Keywords: Protest, Identity, Subjectivation process

“Quem” é só uma forma que deve ter um porquê. E o que eu sou é um homem de máscara (…)

Não questionei seus poderes de observação, apenas enfatizei o paradoxo de perguntar a um mascarado quem ele é.

V, em “V de Vingança” (2006)

Sob os ecos das manifestações das “jornadas de junho” de 2013, as ações de mídias, Estado e agências de segurança pública detiveram-se, em análise, às imagens de destruição e aquilo reconhecido como ameaça a uma idealizada ordem pública. As cenas de vandalismo e violências explicitas por veículos diversos, sejam por parte dos manifestantes a depredar espaços públicos e privados, ou as cenas da repressão policial, causaram enorme comoção. Aos poucos, foram ganhando feições alguns rostos de manifestantes, supostas lideranças entre os mais radicais. Os grupos foram identificados (associados a tática black bloc), e suas práticas, condenadas. Uma delas, a que buscamos destacar aqui pelo desdobramento que assumiu nos campos inclusive jurídicos, nos parece fundamental na compreensão das estratégias de repressão as manifestações: a proibição do uso de máscaras.

Quase 10 anos depois daquela sequência de eventos, as ruas seguem seu cotidiano entre congestionamentos e tráfegos. Desde junho daquele 2013, cada vez menos movimentos de revolta tomam dos carros seu lugar nas vias. Há as passeatas de apoio público a lideranças políticas, em 2022 parte do calendário corriqueiro das capitais, como ano de eleições.
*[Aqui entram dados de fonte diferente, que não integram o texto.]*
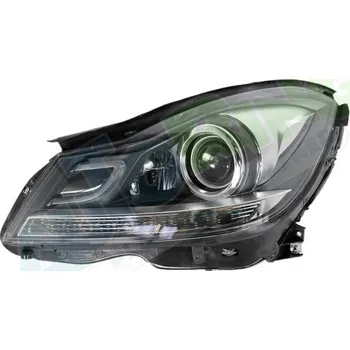 Přední světlomet Hlavní světlomet MERCEDES C Class (W204) od 02.2011 LA.0000.8591.55-54548 - DOPRAVA ZDARMA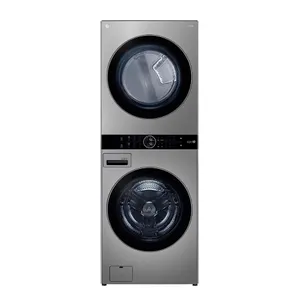 Lavadora Secadora Automática 22Kg LG Carga Frontal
Mas sobre os protestos, a resposta do Estado democrático de direito foi a articulação de uma série de dispositivos legais – alguns (re)apropriados e outros ainda criados – visando enquadrar os jovens mascarados que ocuparam as ruas, identificados com promotores dos atos de violência e categorizados como “vândalos”. Houve sim episódios de vandalismo, como houve uma dimensão de espetáculo na violência empregada nas ruas. Entretanto, a totalizante leitura pela representação do “vandalismo” não nos permite fazer uma leitura dos afetos e da força política das multidões nas ruas daqueles dias de junho. Nesta violência de contornos teatrais, a quebra de um vidro atirando pedras ou a dispersão de populações com tiros de balas de borracha e gases lacrimogêneos, os impactos são políticos e contornam os valores gerais de nossa democracia.

No âmbito federal, deputados e senadores defenderam projetos de lei com implícito intento de “disciplinar” às atuações manifestantes. Do ministério da justiça às secretarias de segurança dos estados, houve propostas de penas mais duras à atual legislação enquadrando delitos cometidos durante protestos. Enquanto o Executivo aplica um conjunto de medidas para “coibir o vandalismo” e aperfeiçoar punições, no Congresso chamaram a atenção discussões de projetos como a tipificação de terrorismo, até aqueles que limitam o direito à livre manifestação e à reunião, o principal deles proibindo o uso de máscaras e “materiais usados para esconder o rosto”.  No Rio de Janeiro, apesar de já promulgada a proibição, esta ainda não se aplica efetivamente nas ruas, aguardando talvez certo “suporte” de instancias federais.

ATRAVESSANDO AS RUAS DA CIDADE

Quando das manifestações de 2013, organizadas inicial e principalmente contra o aumento das passagens de transporte público, foram constatadas uma enorme diversidade de ações diretas como a destruição e depredação de patrimônios públicos e privados. Independente das justificativas que envolvam tais ações (a principal delas toma essas ações como resposta a incitação de violência por parte da polícia), foram imediatamente tipificados pela opinião pública como “vandalismo”. Nestas manifestações – onde por dentro travava-se ainda outra luta: a de grupos tentando impor pautas – desde declarações por saúde, educação e o direito à cidade, temas como corrupção e ataques ao governo federal e governos estaduais favoreceram a ampliação do movimento das passeatas, e com isso produzindo diversas linhas de tensionamento. A pluralidade de tendências e percepções revelaram os apelos ao individual, tornando as ruas da cidade não só palco e território das lutas, mas também aquilo pelo que se luta.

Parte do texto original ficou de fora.